The low-volume sports car maker is stockpiling parts.
The sports car manufacturer, which is undergoing a resurgence under the ownership of Chinese conglomerate Geely, is currently stockpiling parts in case Britain's exit from the European Union ends in disaster.
The company's CEO Phil Popham told Automotive News that Lotus is readying itself in case supply chains are disrupted by customs issues.
"We're going to get our heads down and deliver it," Popham said. "In talking with our owners, in talking with our board, [Brexit] doesn't change the long term.
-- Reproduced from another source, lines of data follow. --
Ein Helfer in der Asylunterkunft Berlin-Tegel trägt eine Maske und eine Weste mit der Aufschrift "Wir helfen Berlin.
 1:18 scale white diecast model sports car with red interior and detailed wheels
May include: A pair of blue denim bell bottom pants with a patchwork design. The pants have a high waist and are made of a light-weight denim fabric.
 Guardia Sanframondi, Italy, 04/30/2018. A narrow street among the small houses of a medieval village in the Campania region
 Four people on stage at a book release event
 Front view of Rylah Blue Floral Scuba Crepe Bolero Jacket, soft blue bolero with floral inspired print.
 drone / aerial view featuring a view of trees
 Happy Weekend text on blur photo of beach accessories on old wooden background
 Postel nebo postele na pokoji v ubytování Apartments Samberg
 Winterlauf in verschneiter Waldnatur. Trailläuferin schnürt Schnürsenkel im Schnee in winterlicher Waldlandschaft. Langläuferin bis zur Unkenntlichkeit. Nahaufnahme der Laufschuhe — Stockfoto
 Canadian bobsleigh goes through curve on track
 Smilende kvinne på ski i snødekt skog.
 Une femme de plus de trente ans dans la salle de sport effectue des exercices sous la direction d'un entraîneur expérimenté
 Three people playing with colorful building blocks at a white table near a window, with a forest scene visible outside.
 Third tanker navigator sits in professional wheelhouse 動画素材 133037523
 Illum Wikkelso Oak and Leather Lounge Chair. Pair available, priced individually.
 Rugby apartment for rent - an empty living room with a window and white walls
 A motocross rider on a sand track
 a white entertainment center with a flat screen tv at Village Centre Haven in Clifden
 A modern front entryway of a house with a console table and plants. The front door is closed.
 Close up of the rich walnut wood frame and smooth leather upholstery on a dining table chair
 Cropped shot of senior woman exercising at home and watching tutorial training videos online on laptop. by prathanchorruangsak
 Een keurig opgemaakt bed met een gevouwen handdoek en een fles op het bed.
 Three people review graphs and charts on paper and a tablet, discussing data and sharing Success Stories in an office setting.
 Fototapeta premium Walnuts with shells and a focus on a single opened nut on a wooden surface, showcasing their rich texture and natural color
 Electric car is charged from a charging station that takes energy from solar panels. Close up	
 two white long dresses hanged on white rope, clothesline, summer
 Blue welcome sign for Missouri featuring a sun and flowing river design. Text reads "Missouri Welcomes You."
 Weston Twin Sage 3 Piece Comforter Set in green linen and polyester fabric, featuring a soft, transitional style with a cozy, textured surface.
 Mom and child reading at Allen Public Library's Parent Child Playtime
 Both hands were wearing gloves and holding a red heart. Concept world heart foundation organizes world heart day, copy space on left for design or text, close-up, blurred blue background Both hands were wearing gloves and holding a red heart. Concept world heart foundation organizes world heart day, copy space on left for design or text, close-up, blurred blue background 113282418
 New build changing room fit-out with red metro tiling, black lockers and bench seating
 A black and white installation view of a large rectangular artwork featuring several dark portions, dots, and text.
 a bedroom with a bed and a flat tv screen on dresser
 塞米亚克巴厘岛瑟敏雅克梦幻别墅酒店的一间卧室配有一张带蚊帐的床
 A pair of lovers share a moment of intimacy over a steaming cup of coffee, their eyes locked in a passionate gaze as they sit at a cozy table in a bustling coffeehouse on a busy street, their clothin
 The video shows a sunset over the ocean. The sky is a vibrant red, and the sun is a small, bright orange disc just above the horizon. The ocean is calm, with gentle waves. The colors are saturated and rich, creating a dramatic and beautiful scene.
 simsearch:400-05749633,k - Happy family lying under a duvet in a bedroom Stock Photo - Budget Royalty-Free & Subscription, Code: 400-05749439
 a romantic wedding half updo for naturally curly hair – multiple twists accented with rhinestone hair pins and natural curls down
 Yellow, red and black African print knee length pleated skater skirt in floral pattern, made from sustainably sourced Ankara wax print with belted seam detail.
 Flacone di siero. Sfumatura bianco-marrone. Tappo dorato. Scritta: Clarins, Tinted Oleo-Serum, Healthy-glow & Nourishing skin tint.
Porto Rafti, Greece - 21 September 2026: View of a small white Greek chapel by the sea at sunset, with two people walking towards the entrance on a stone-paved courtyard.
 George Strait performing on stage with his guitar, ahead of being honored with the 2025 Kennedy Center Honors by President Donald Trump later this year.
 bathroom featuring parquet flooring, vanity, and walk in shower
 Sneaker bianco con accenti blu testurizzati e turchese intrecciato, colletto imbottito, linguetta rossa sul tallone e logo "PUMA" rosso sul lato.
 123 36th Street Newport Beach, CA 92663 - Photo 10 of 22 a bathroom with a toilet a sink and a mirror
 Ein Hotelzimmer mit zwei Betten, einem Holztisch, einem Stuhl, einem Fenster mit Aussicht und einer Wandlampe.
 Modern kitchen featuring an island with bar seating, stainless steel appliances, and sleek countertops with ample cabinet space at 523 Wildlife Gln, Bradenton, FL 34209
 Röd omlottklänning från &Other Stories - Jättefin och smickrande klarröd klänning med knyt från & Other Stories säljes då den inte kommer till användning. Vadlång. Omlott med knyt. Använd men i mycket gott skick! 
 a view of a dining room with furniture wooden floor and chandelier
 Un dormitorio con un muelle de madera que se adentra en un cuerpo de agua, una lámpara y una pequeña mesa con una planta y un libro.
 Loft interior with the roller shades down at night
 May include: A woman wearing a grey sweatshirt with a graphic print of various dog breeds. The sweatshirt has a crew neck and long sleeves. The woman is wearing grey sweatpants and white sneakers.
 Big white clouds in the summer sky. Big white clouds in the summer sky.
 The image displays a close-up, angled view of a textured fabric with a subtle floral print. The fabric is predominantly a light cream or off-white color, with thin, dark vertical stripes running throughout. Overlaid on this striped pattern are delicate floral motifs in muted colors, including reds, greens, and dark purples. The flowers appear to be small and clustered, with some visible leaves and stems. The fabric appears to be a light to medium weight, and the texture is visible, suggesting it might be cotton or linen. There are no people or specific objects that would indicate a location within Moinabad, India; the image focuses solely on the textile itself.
We all think a deal will get done at some point, whatever that is, and it may be a different world, but there'll be some normality that comes back again."
The plan is being put in place to ensure than the company's five-year turnaround plan isn't being disrupted.
Lotus is gearing up to launch a new sports car at the end of next year, and is set to cost around a similar amount to the Evora (£75,100) and also be available in the US.
"We're a sports car brand, and we are developing a new sports car, which you'll see towards the end of next year," Popham said.
The car will be built at Lotus' plant in Hethel, but although the famous factory has been invested in, Lotus' future plans could see the company outgrow it, leading to it potentially moving away – possibly overseas.
"We will need to manufacture at some point outside of Hethel," Pophap added.